WHAT YOU NEED TO DO: Copy the closing run of lines, from the one with "Femme chef accueillant" through the last line of the listing, exactly and without any pictures.

---------- PROVIDED DATA ----------

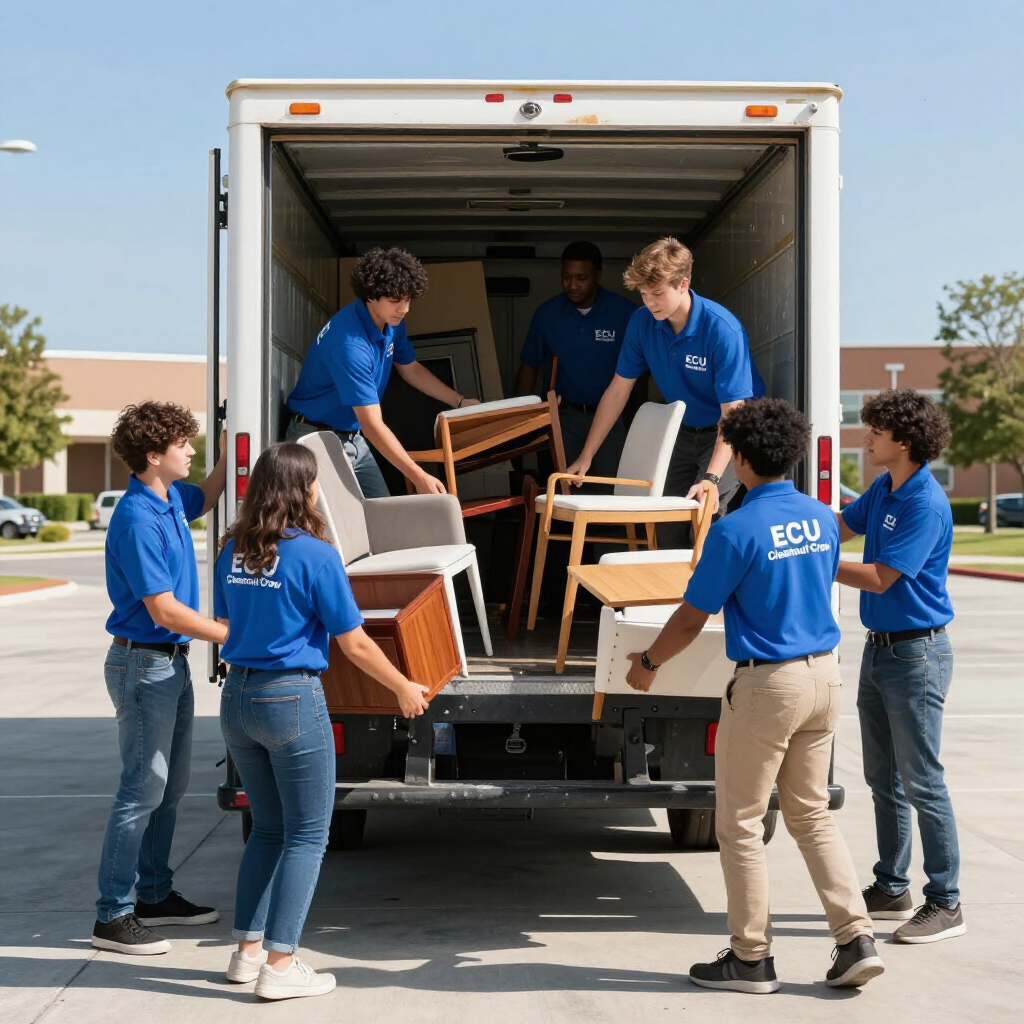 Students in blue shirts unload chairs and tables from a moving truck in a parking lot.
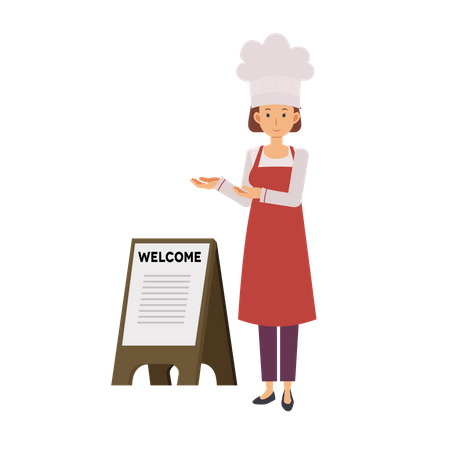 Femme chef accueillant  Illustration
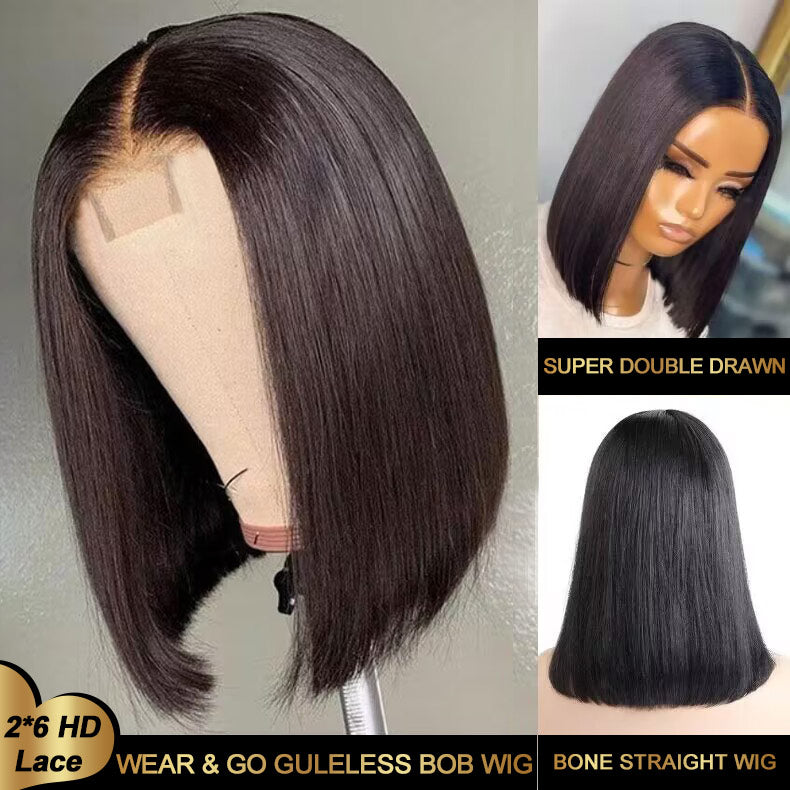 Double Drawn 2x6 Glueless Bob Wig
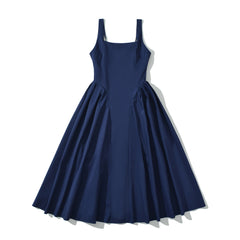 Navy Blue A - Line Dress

----------

ANSWER BOX:
 Femme chef accueillant  Illustration
 Double Drawn 2x6 Glueless Bob Wig
 Navy Blue A - Line Dress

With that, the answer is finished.